Tremblant de tous ses membres, Tormod se redressa à son tour, le regard orageux.

- Je ne leur pardonnerai jamais. Je vais les massacrer ! s'écria-t-il, fou de rage, en s'élançant une nouvelle fois dans leur direction.

- Ne fais pas ça, Tormod ! s'exclama Rhys en essayant de le retenir.

Trop tard. Déjà la lame de Tessie s'enfonçait dans l'abdomen du mage et en ressortait, maculée de sang. Les cris moururent dans les gorges de nos amis alors que Tormod s'écroulait face contre terre, telle une marionette désarticulée. Le silence s'abattit sur l'assemblée, bientôt interrompu par le rire victorieux et hystérique de Tessie. Nephèse ne daigna même pas accorder un regard au corps transpercé du mage.

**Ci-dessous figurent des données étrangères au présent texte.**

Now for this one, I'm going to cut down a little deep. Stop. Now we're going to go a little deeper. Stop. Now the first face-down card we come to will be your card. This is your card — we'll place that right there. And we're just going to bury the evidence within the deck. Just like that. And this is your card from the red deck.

- Il était trop faible de toute manière. Son sacrifice n'était pas primordial. Débarrassez-vous de lui et faites ce que vous avez à faire.

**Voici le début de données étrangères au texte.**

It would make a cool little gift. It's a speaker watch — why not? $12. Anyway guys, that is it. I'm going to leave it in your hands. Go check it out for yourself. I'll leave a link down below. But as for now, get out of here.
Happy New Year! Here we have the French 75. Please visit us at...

Sa voix était autoritaire et ne souffrait aucune réplique.

- Inhumain, songea Marcia alors que les larmes dévalaient sur ses joues.

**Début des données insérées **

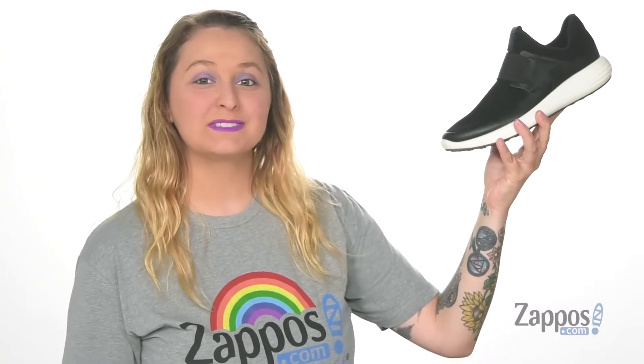Hey y'all, it's Katerina from Zappos and let's take a look at this style by ECCO.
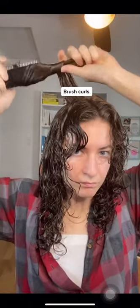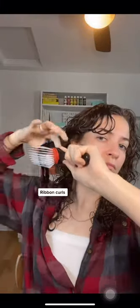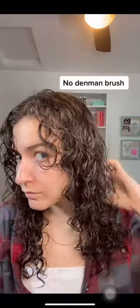I use ribbon curls or brushing with tension through my bangs, and I brush the top layer of my hair up and away to add volume and definition through those curls using brush curls. Underneath, where it's naturally curlier, I go back to using ribbon curls.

- Sans cœur, se dit mentalement Astrid.

Kyle esquissa un pas en avant pour s'emparer du corps de Tormod, mais Sothe était déjà sur lui. Sans un mot, il lui trancha net la carotide et fusa sur Tessie avec laquelle il engagea un duel des plus acharnés. Animés par la rage, Marcia, Astrid, Nephenie et Rhys se jetèrent également à corps perdu dans la bataille, se déchaînant comme des lions et ignorant la fatigue ou les blessures qui les tiraillaient de toute part. Ils luttaient pour leur survie, pour leur camarade tombé au combat, pour Tellius. Ensemble jusqu'au bout. Tous réunis pour les mêmes causes. Ils combattaient. Peut-être que la fatigue aurait raison d'eux, peut-être qu'ils finiraient par s'écrouler, peut-être même qu'ils mouraient, mais peu leur importait. S'ils ne pouvaient vaincre alors ils se battraient encore et encore, allant même jusqu'à dépasser leurs propres limites. Tout n'était pas encore perdu. Un miracle pouvait encore survenir.